## About this exercise:
Find "Example (d) above" in the records that follow; print that line and each subsequent line through the last one, verbatim and with nothing added.

## Web page caption snippets:
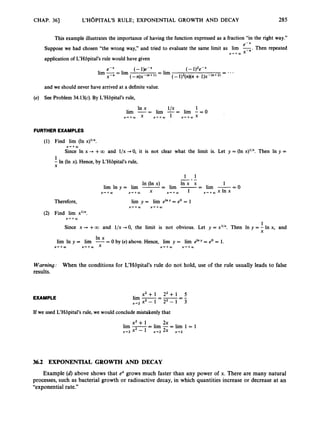 CHAP. 361 L'HOPITAL'S RULE; EXPONENTIAL GROWTH AND DECAY 285
This example illustrates the importance of having the function expressed as a fraction "in the right way."
Suppose we had chosen "the wrong way," and tried to evaluate the same limit as lirn F .Then repeated
application of L'Hbpital's rule would have given
e-x
X + + m
- ...
e-x (- l)e-. (- 1)2e-x
= lim
(-n)x-'"+') (- 1)2(n)(n+ 1 ) ~ - ( " + ~ )
-
lim 7
= lim
X
and we should never have arrived at a definite value.
(e) See Problem 34.13(c).By L'H8pital's rule,
FURTHER EXAMPLES
(1) Find lirn (In x)lIX.
X++O3
Since In x --* +00 and l/x 40,it is not clear what the limit is. Let y = (In x)'/~.Then In y =
1
- In (In x). Hence, by L'HGpital's rule,
X
1 1
-.-
In (In x) l n x x 1
lim In y = lim -
-
- lim -- - lim -=0
X + + m x + + m x X + + a ) 1 ,++,xInx
Therefore,
(2) Find lirn x'/~.
X + + W
1
Since x -P +00 and l/x +O, the limit is not obvious. Let y = x1IX. Then In y = - In x, and
X
In x
lim In y = lim --
- 0 by (e)above. Hence, lirn y = lim e'" = e0= 1.
Warning: When the conditions for L'HBpital's rule do not hold, use of the rule usually leads to false
results.
EXAMPLE
x 2 + 1 2 2 + 1 5
x+2 x2- 1 22- 1 3
- -=-
lim --
If we used L'Hbpital's rule, we would conclude mistakenly that
2x
lim -
x2 + 1 -
- lim -= lim 1 = 1
x+2 x2 - 1 x+2 2x x-+2
36.2 EXPONENTIAL GROWTH AND DECAY
Example (d) above shows that ex grows much faster than any power of x. There are many natural
processes, such as bacterial growth or radioactive decay, in which quantities increase or decrease at an
"exponential rate."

## Task response:
Example (d) above shows that ex grows much faster than any power of x. There are many natural
processes, such as bacterial growth or radioactive decay, in which quantities increase or decrease at an
"exponential rate."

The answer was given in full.